A Polícia Federal prendeu, nesta quarta-feira (18), um policial civil do Departamento Especializado de Narcóticos (Denarc) e outros cinco suspeitos durante a segunda fase da Operação Turquia II. A investigação aponta o envolvimento de servidores públicos em um esquema de desvio e revenda de drogas apreendidas em Vitória.
Além do Espírito Santo, os agentes atuaram simultaneamente em outros 14 estados. Ao todo, a operação prevê o cumprimento de 112 mandados de prisão em todo o país.
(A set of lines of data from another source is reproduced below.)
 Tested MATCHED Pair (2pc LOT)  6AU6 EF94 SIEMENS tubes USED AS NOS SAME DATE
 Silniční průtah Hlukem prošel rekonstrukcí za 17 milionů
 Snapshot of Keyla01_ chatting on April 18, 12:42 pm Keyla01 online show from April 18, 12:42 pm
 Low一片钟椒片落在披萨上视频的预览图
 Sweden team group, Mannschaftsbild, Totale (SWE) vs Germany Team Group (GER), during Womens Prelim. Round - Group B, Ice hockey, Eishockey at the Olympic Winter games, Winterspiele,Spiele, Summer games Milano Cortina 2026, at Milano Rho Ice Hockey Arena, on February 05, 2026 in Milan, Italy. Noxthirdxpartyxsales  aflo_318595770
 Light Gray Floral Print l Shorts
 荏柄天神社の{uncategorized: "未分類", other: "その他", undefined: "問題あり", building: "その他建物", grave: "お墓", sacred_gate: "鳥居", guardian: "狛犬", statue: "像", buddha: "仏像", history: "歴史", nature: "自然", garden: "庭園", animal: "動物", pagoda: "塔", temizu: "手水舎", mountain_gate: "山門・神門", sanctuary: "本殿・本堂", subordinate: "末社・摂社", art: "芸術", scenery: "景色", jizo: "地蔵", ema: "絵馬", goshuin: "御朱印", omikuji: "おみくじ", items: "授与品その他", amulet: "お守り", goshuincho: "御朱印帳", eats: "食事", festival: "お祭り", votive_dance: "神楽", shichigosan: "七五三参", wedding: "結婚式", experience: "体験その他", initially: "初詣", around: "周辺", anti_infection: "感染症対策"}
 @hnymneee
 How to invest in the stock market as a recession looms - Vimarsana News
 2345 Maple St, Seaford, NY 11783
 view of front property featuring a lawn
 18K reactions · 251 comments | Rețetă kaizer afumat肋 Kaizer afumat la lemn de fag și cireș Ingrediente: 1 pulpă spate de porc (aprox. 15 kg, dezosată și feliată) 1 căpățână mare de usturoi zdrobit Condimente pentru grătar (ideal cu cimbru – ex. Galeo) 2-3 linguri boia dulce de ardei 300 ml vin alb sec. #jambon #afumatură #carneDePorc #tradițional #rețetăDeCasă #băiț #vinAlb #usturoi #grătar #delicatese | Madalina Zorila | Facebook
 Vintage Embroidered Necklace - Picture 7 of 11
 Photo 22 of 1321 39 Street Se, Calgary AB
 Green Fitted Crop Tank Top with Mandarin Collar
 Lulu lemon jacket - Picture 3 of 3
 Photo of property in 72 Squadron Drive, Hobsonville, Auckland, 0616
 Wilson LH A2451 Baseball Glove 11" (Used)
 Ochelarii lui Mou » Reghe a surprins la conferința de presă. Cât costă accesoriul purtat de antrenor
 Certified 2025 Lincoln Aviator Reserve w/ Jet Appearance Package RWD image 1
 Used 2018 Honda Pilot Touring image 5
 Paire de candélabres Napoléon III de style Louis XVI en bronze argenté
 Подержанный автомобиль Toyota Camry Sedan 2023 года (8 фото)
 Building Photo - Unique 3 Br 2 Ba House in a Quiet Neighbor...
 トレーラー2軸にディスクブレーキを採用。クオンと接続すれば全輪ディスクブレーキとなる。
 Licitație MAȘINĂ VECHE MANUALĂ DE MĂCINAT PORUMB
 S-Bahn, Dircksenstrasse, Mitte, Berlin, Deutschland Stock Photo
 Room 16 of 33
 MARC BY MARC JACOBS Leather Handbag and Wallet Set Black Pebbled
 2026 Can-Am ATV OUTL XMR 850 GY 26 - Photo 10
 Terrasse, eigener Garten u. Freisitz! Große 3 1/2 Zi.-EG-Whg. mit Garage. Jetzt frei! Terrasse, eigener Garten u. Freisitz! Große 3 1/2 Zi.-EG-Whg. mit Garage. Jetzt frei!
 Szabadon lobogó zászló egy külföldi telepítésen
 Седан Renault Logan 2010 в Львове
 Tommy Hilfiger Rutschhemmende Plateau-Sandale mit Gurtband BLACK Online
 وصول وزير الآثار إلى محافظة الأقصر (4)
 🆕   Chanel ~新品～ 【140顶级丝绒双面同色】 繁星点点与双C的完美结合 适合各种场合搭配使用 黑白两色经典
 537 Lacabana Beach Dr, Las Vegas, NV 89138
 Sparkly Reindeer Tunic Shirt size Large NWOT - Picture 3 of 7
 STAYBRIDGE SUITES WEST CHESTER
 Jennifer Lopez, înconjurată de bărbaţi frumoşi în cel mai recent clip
Segundo a Polícia Federal, grupos criminosos recebiam parte das drogas apreendidas em ações policiais. Isso ocorria porque alguns investigados deixavam de registrar o material nos boletins de ocorrência. Dessa forma, intermediários ligados à organização criminosa revendiam os entorpecentes.
Segundo caso envolvendo policial do Denarc
Este é o segundo policial do Denarc preso em menos de quatro meses por suspeita de ligação com o tráfico. Na primeira fase da operação, realizada em novembro de 2025, os investigadores prenderam um agente e afastaram outros dois das funções. Entre eles, estava o policial detido nesta nova etapa.
Os três atuavam diretamente no Departamento Especializado de Narcóticos. Entretanto, as autoridades não divulgaram as identidades dos envolvidos.
Operação mobiliza forças em 15 estados
A ação no Espírito Santo integra a Operação Força Integrada, que reúne as Forças Integradas de Combate ao Crime Organizado (FICCOs). Além das prisões, os policiais cumpriram 180 mandados de busca e apreensão em todo o território nacional.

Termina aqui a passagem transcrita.